Kuşkusuz bu tespit devletin kırmızı çizgi içine en başta aldığı, etrafında kalın duvarlar ördüğü, tel örgüler çektiği ve bir kışla kurduğu Kürt ulusal sorunu için de geçerli. 12 Eylül referandumunda tüm düzen partilerinin genelkurmayın arkasına sığındığı, onun diliyle konuştuğu ve zihniyetine sahip olduğunu açıkça gördük. AKP ve CHP “darbe karşıtlığında” demokratlık yarışı yaparken Kürt ulusunun temel talepleri söz konusu olduğunda devletin geleneksel reflekslerine sarıldı; İmha, inkar, asimilasyon. AKP ve CHP, Kürt ulusunun haklı talepleri karşısında aynı noktada buluşmakta zorluk yaşamadı.

Özellikle T. Kürdistanı’nda polis, MİT, JİTEM, cemaatler, korucu ordusu ve elbette asker AKP’ye çalıştı. Ne ki tüm bunlara karşın Kürt halkının boykotu karşısında aciz kaldı, bölgede ciddi anlamda güç kaybetti, tecrit oldu. AKP eliyle “Kürt sorunu benim sorunumdur” sözleriyle başlayan açılım mizanseninin son perdesi böylece sahnelenmiş oldu. Bölgede BDP karşısında ağır bir yenilgi alan devlet, yine geleneksel söylemlerine geri dönüş yaptı. Pratikte zaten başından beri bu çizgide yürüyordu. Bölgede BDP’yi güçten düşüremeyen devlet, yüzde 10 barajı yetmeyince, seçimlere bağımsız adaylarla girmesini de engellemeye çalıştı ancak halkın direniş duvarından geri döndü. Şimdi ise askeri operasyonları tırmandırarak bölgede gerilimi yükseltmeyi ve bağımsız adayları seçim çalışması yapamaz hale getirmeyi hedefliyor. Bu konuda belli bir mesafe kat ettiğini de söylemek mümkün.

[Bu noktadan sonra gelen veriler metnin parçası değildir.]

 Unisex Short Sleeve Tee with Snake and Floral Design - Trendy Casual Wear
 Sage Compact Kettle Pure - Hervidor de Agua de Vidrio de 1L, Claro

Elbette yaşanan yalnızca bu değil. Gerillaya yönelik operasyonlar ve toprağa düşen savaşçılar halkın AKP’ye (devlete) olan öfkesini de katlamış durumda. Bunu, Amed’in herhangi bir seçim bürosunda yapılan konuşmalardan, halkın otobüste, kahvede yürüttüğü tartışmalardan-tepkiden anlamak mümkün. Şırnak’ta evlatlarına sahip çıkarak bombardıman altında cenazelere ulaşan halkın tavrı da bunun bir göstergesi. Devlet, katlettiği her gerilla ile Kürt halkı ile arasına yeni bir sınır eklemiş oluyor aslında.

Böyle bir atmosfer içinde seçim çalışması daha da önem kazanıyor. Kürt halkının deyimi ile “AKP’yi sandığa gömmenin” olanakları da artıyor. Çatışmanın en yoğun ve şiddetli olduğu; sistemin en fazla sarsıldığı bu zeminde ateşe daha fazla odun atmak boynumuzun borcudur. Bu anlamda özellikle Dersim’de yoldaşlarımızın; köy köy, sokak sokak yürüttüğü seçim çalışması ve ulusal hareketle geliştirdikleri ilişki önemli bir örnek olarak önümüzde durmaktadır. Bunun yanı sıra bazı bölgelerde Beşler ve Şırnak şehitlerine ilişkin ortaya konulan ortak militan pratikler de coşkumuzu katlamalıdır.

Öfkenin yalın dili T. Kürdistanı’ndan tüm ülkeye, isyan ateşini körüklemek üzere usulca yayılıyor.